▶ _PROBLEM TO SOLVE_
Exactly the lines from the opening of the records through the line containing "thumbnail image 2" should be copied, with both included.
==============================
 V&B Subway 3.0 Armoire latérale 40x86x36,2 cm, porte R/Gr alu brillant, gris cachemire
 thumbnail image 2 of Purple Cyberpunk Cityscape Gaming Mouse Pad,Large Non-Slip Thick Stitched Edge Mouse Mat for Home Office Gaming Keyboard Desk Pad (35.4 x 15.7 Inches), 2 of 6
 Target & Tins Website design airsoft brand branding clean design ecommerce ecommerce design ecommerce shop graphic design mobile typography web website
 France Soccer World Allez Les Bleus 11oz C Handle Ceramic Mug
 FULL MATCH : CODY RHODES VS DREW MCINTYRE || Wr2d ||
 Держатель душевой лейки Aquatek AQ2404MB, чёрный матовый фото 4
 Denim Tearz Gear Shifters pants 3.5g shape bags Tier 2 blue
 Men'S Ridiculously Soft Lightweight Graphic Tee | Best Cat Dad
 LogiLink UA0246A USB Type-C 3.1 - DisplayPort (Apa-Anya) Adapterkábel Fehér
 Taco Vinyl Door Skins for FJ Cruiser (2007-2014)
==============================
▶ _ANSWER TO THE EXERCISE_
 V&B Subway 3.0 Armoire latérale 40x86x36,2 cm, porte R/Gr alu brillant, gris cachemire
 thumbnail image 2 of Purple Cyberpunk Cityscape Gaming Mouse Pad,Large Non-Slip Thick Stitched Edge Mouse Mat for Home Office Gaming Keyboard Desk Pad (35.4 x 15.7 Inches), 2 of 6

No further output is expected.